Japan Company Handbook data of the listings of subsidiaries of Japanese public companies are tracked at five-year intervals for 1980–2005 (including 1987), with subsidiaries defined as entities whose corporate parents owned at least 20% of their equity both before and after the listing. Post-listing ownership of both the parent and subsidiary firms are checked to ensure that no substantial overlap exists between the groups. This process allows the authors to account for differential effects of equity mispricing and focuses their research on firms in which the parent maintains effective control but owns a relatively small percentage of the cash flows. Market value and stock return data to track post-listing performance are sourced from DataStream.
The authors perform statistical tests and in most cases calculate risk-adjusted returns using the standard Fama–French risk factors. After establishing the parent firms’ financial constraints prior to listing and the cumulative monthly returns of parents and subsidiaries for three years after the listing, they use regression analyses to produce data tables for the book-to-market ratio of new listings, the cumulative three-year returns (at one-year intervals) following subsidiary listings, the risk-adjusted returns for the full sample and two subsets of subsidiaries, the comparative risk-adjusted returns of subsidiary versus nonsubsidiary listings, and the returns from ownership changes after listings, gained via either a buy-and-hold strategy or reacquisition by the original parent.

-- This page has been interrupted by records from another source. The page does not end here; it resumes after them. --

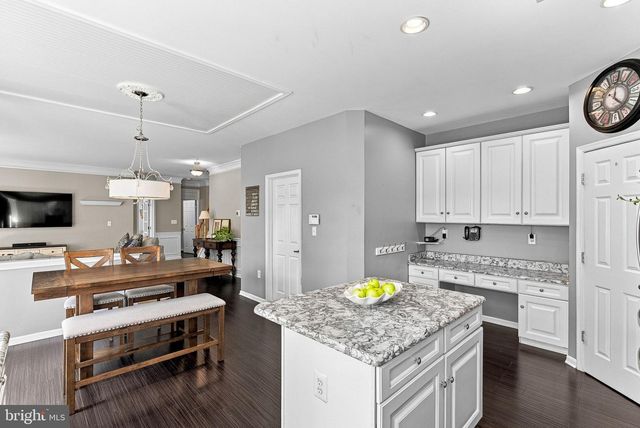 702 MOUNT HOLLY PL NE, Leesburg, VA 20176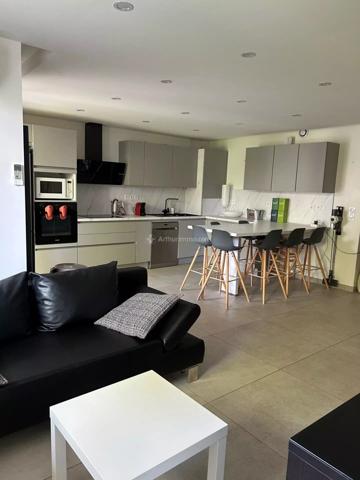 Location Appartement 4 pièces 80 m2 à Sainte-Foy-Lès-Lyon
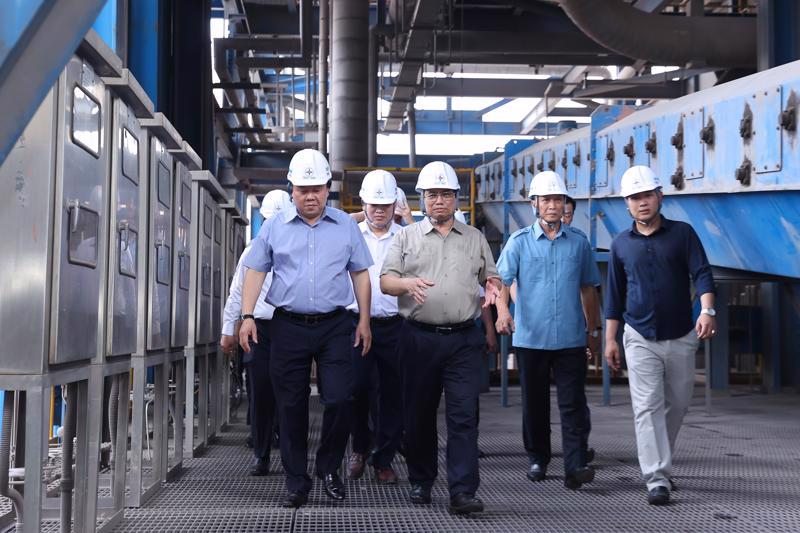 Prime Minister Pham Minh Chinh (front, 2nd from left) visits thermal power plants in Quang Ninh province on June 11. Photo: VGP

The authors emphasize an aggregate influence on controlling shareholder sell-off decisions. Namely, when market mispricing induces higher misvaluations, corporate reorganizations accelerate and, given weak minority shareholder protections, benefit the issuers. Although they do not theorize on the source of such mispricing, the authors point to investor underestimation of agency problems in the misperceptions of conflicts of interest, even after prominent disclosure of such risks. Their work offers a foundation for reforms in corporate governance, such as increased prevalence of independent directors or avoidance of the inefficient ownership structures of pyramids, business groups, and dual-class shares prone to deadweight losses incurred to cover resource diversions. As Occam’s razor suggests, financial simplicity often works best.